When are shareholders personally liable for tax on company gains?
A company shareholder is buying a holiday home abroad. They've been advised by a local agent to own the property through a company. But their accountant has warned that this can trigger UK capital gains tax anti-avoidance rules. What are these and when do they apply?

Tax avoidance
Generally, companies which aren’t resident in the UK don’t pay corporation tax (CT) except those relating to gains made from selling some types of UK asset. This seems to allow for a simple tax saving arrangement for individuals resident in the UK, i.e. owning foreign assets through a non-UK resident company. While not every ownership through a foreign company involves tax avoidance HMRC is alive to the possibility of this type of arrangement and has rules to counter it.

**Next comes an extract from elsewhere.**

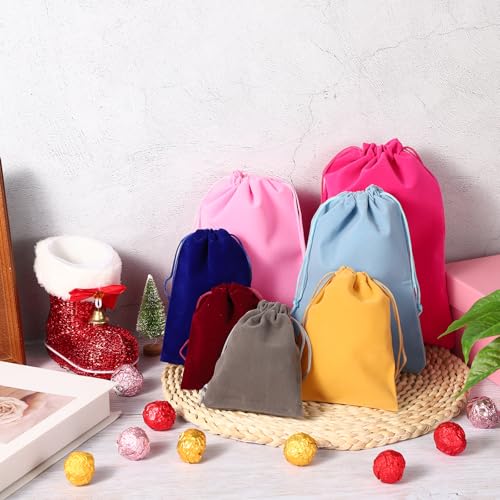 Fluwelen Geschenkzakjes, 12 stuks 12x15cm Velvet Geschenkzakje Sieraden Pouch Geschenkzakje voor bruiloft Favor Party Verjaardagsfestivals Goud, Zwart, Coin Pouch 5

What if the anti-avoidance rules apply?
Where the anti-avoidance rules apply to assets owned by a foreign company, capital gains it makes are taxable on the company’s shareholders as if they had make the gains personally. The gain taxable on each shareholder is in proportion to their shareholding in the company.
What isn’t avoidance?
HMRC anti-avoidance rules don’t apply in every case of a property being owned through a foreign company. It would be unreasonable where say, the company runs a business abroad and owned assets related to its trade. For example, a company might own its trading premises in the foreign country. A gain made from selling it would not trigger the anti-avoidance rules. The rules are more precisely targeted.
Anti-avoidance rules
The first condition for the anti-avoidance rules to apply is that the non-UK company would count as a “close company” if it were a UK company. A close company is, broadly, one owned or controlled by five or has fewer individuals. For example, a company owned by just an individual and their spouse would be a close company.

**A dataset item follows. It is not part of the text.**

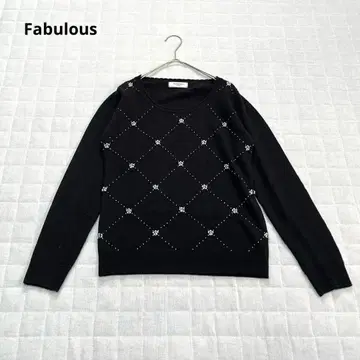 [패뷸러스] 니트 풀오버 긴팔 둥근 카라 스톤 비쥬 M 블랙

It's not possible avoid the “close company” label by sharing ownership of the company with close family members to avoid the five-individuals test. All the family's shares in the company are added together for this purposes.

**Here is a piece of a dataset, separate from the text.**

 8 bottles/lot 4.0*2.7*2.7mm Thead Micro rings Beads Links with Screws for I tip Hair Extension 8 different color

Even if the company and shareholders meet the conditions for the anti-avoidance rules to apply, if the shareholder and persons connected with them, e.g. close family members, don’t together own at least 25% of the company the anti-avoidance rule is ignored, meaning they won’t have to pay tax on the gains the company makes.
A further get out clause
The anti-avoidance rules were overhauled in 2013 to be more relaxed. In our experience, because the old version of the rules existed for many years the more changes aren’t well known. One of the key difference is that the anti-avoidance rules now only apply where ownership of the property through a foreign company is “part of a scheme or arrangements of which the main purpose, or one of the main purposes, was avoidance of liability to capital gains tax or corporation tax”. Owning a property to prevent problems with foreign succession or other rules and regulations is no longer a trigger for the anti-avoidance rules.